TASK INSTRUCTIONS - In the listing below, find the line containing "Poster - A harsh" and the line containing "Monografische Hochzeit des", then copy exactly everything from the first through the second, except the pictures.

RECORDS -
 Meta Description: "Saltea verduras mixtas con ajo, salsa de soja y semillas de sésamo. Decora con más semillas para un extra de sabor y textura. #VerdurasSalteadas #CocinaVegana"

...

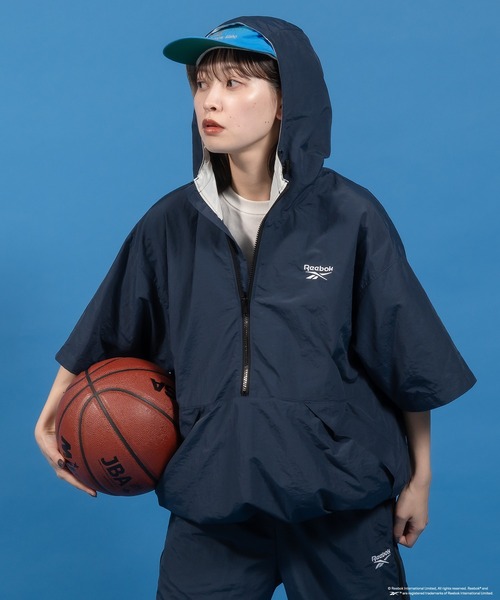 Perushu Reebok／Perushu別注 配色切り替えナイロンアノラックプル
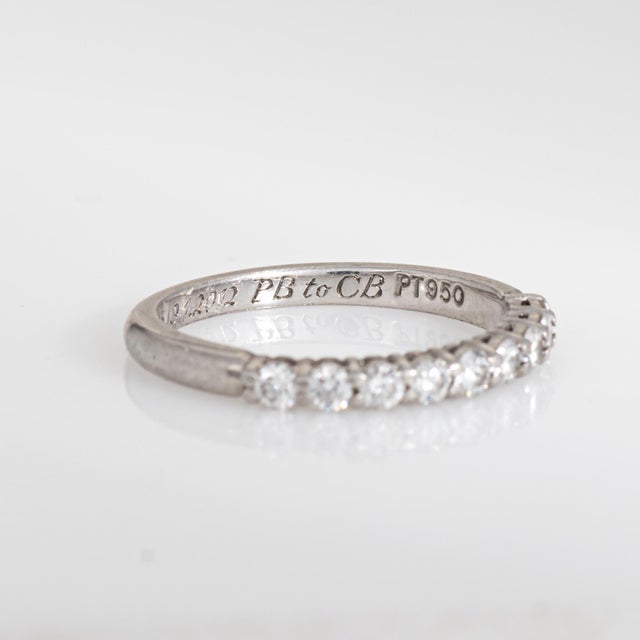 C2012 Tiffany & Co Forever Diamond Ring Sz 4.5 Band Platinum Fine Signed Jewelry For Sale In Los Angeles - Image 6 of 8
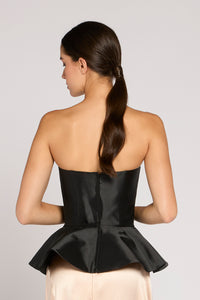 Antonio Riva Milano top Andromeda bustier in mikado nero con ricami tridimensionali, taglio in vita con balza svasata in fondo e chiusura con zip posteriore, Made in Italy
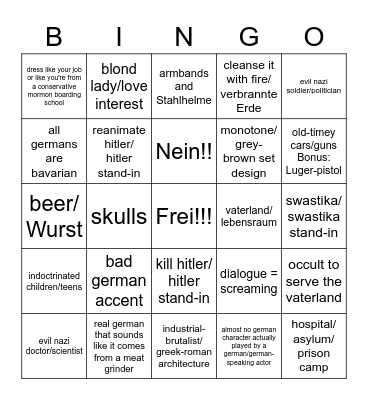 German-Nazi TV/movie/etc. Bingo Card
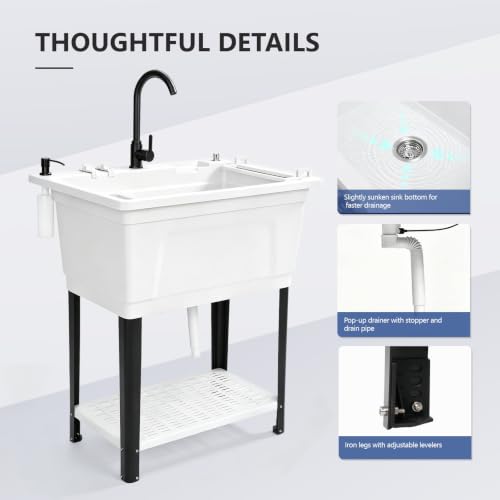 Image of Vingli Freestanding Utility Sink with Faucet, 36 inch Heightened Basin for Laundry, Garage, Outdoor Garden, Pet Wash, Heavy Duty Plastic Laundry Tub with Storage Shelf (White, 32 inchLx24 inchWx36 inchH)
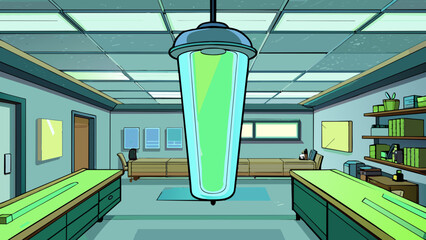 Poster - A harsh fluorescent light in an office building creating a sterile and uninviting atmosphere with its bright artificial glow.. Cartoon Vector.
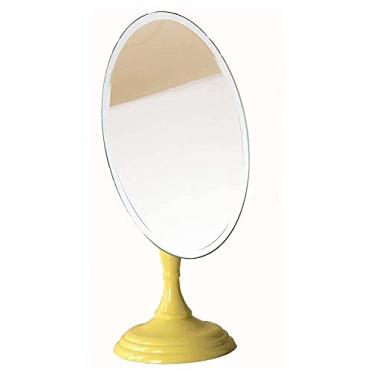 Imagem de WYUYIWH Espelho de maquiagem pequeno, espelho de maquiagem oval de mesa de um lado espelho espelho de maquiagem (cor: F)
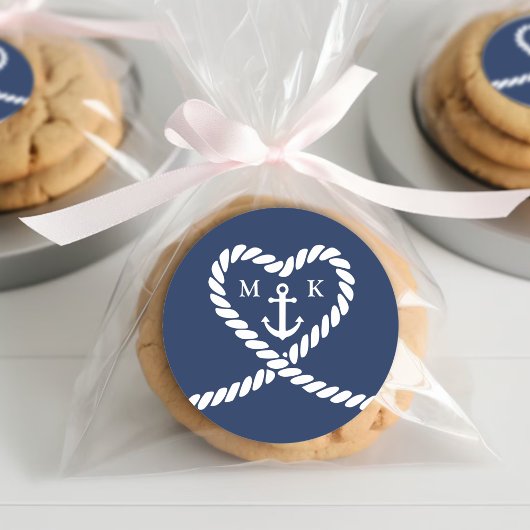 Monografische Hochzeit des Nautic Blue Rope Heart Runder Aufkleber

RESULT -
 Poster - A harsh fluorescent light in an office building creating a sterile and uninviting atmosphere with its bright artificial glow.. Cartoon Vector.
 Imagem de WYUYIWH Espelho de maquiagem pequeno, espelho de maquiagem oval de mesa de um lado espelho espelho de maquiagem (cor: F)
 Monografische Hochzeit des Nautic Blue Rope Heart Runder Aufkleber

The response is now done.